Shared infrastructure can also improve access for smaller producers.

Large food manufacturers and retailers may be able to build their own cold rooms, contract dedicated warehouse space and operate refrigerated fleets. Small farms and cooperatives often cannot justify that capital expenditure. A pay-per-use or shared-service model may give them access to temperature-controlled storage, processing and transport without requiring full ownership.

The model nevertheless carries utilization risk. A facility designed around one seasonal commodity may be underused for much of the year. Developers need to understand production calendars, compatible commodities, potential anchor customers and outbound market demand before selecting the final size and temperature configuration.

Energy reliability is another critical factor. Regional cold rooms require stable electricity, backup power, preventive maintenance and access to qualified refrigeration technicians. Building the facility without funding its long-term operation could create stranded or unreliable capacity.

B2B Impact

For cold storage developers, the opportunity is not limited to constructing larger warehouses near Metro Manila.

Regional production clusters may support modular, multi-user facilities designed around actual farm, livestock, fisheries or food-processing volumes. A smaller cold room with high utilization and reliable outbound transport may create more supply chain value than a larger facility operating far from the product source.

Site selection should include analysis of harvest volumes, seasonality, road access, electricity reliability, water availability, local labor, potential anchor users and distance to wholesale, retail or export markets.

For farmers, cooperatives and food processors, shared infrastructure can reduce the capital barrier to modern cold chain participation. Commercial agreements should clearly define storage fees, minimum volumes, product liability, temperature responsibilities, inventory records and procedures for rejected or damaged goods.

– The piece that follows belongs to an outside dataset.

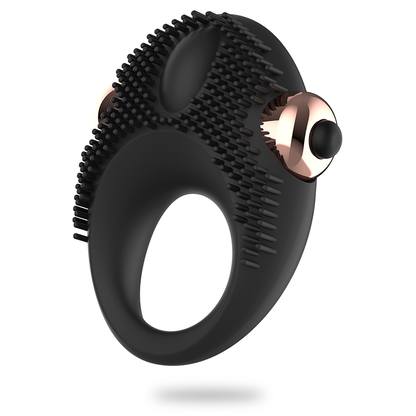 WOMANVIBE - THOR SILICONEN VIBRATORRING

For refrigerated transport providers, decentralized hubs could create new regional routes between farms, processing centers, cold stores, ports and urban markets. Fleet planning may need to support smaller collection loads at origin and consolidated outbound movements from the shared hub.

For refrigeration and construction suppliers, the strategy could increase demand for modular cold rooms, insulated panels, condensing units, blast freezers, high-speed doors, dock seals, backup generators, solar-assisted systems and remote monitoring.

Equipment should be selected for local serviceability rather than specification alone. A high-efficiency system provides limited value if replacement parts, trained technicians or refrigerant support are unavailable in the operating region.

For packaging suppliers, near-source cold chain development can increase demand for reusable crates, insulated containers, pallet covers, thermal liners, gel packs and PCM systems used during collection and transfer. Packaging should complement pre-cooling and refrigerated storage rather than being used as a substitute for them.

For digital technology providers, shared facilities require booking, inventory and temperature data that can be separated by customer, commodity, lot and storage zone. Systems should also support demand forecasting, vehicle scheduling and exception alerts.

For banks, infrastructure funds and public-sector agencies, shared cold-chain hubs may require blended financing or public-private operating models. Financing should account for ramp-up time and seasonal utilization rather than assuming full occupancy from the first year.

The wider lesson is that cold chain capacity should be measured by more than national pallet positions. Location, accessibility, commodity compatibility, utilization, energy resilience and transport connectivity determine whether a facility actually reduces food loss.

The Philippine debate shows that the next stage of cold chain development may depend on moving infrastructure upstream—closer to where food is produced—and making that infrastructure commercially accessible to more than one large customer.